### [Data for review]
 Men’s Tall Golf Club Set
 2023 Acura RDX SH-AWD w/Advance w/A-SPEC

---

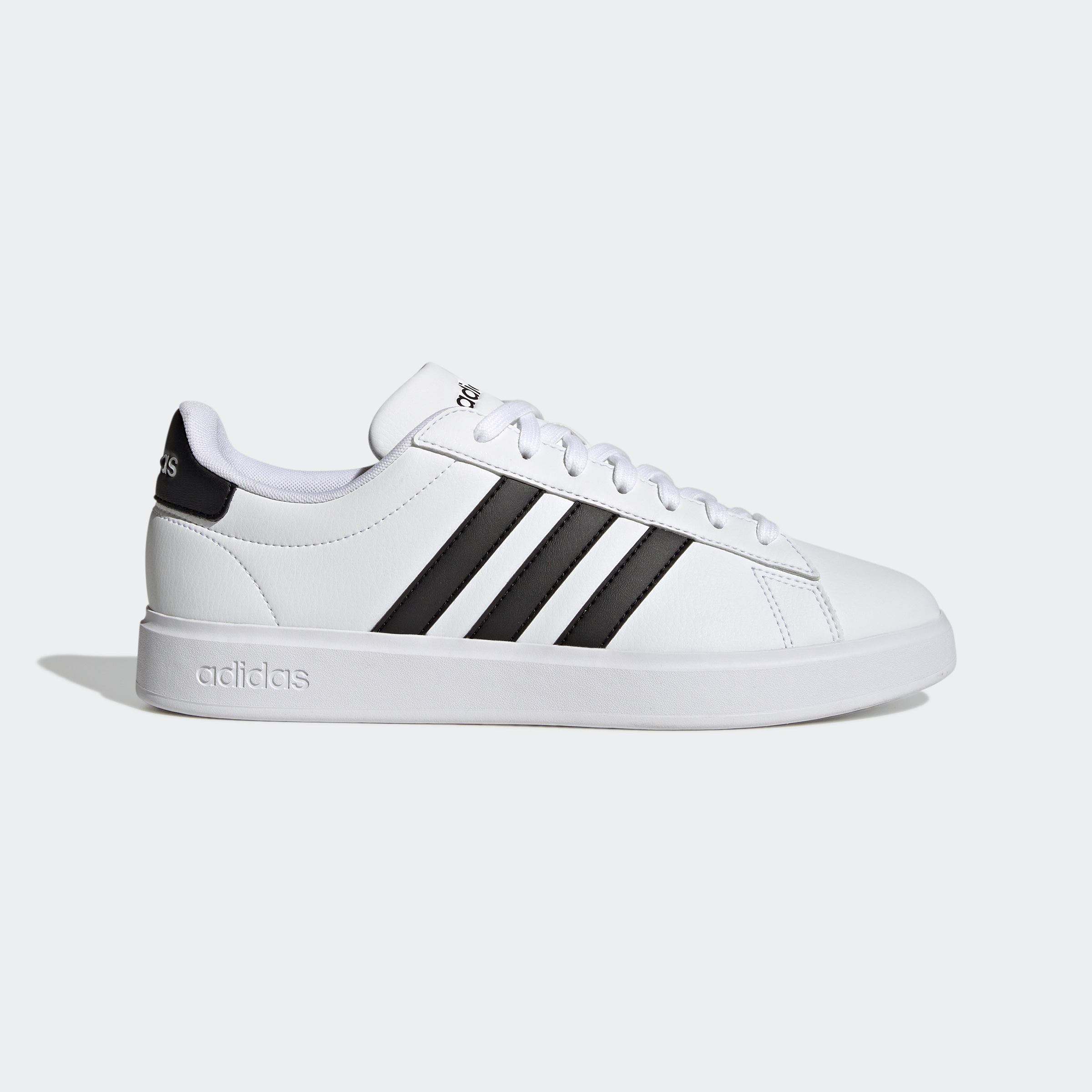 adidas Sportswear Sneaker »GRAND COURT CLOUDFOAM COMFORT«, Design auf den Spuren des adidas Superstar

### [Requirement]
Output the lines above exactly, but only those between the line holding "Men’s Tall Golf Club Set" and the line holding "2023 Acura RDX SH-AWD w/Advance w/A-SPEC", inclusive.

### [Exercise output]
 Men’s Tall Golf Club Set
 2023 Acura RDX SH-AWD w/Advance w/A-SPEC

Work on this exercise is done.